··· Working data

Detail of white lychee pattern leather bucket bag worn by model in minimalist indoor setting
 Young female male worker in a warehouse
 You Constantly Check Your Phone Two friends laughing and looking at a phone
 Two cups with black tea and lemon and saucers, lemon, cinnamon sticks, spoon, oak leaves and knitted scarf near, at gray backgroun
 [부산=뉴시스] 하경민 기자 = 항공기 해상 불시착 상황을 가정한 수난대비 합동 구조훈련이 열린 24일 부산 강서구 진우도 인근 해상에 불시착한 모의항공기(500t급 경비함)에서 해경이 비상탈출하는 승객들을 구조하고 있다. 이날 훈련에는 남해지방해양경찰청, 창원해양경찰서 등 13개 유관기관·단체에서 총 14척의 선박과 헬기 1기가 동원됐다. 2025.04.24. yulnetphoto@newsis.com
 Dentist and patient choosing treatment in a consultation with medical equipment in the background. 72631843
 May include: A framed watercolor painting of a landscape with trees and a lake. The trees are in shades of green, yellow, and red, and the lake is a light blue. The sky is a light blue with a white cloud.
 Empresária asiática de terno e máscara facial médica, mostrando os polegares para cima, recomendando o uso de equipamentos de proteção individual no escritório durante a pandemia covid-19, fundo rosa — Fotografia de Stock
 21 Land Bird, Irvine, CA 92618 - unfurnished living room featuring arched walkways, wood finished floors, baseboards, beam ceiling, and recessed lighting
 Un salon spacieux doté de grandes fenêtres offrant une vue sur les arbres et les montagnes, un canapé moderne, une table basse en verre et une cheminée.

······

◆ **Work instruction**
Lines with the word "white" in them should be copied from the preceding records.

◆ **Response area**
Detail of white lychee pattern leather bucket bag worn by model in minimalist indoor setting
 May include: A framed watercolor painting of a landscape with trees and a lake. The trees are in shades of green, yellow, and red, and the lake is a light blue. The sky is a light blue with a white cloud.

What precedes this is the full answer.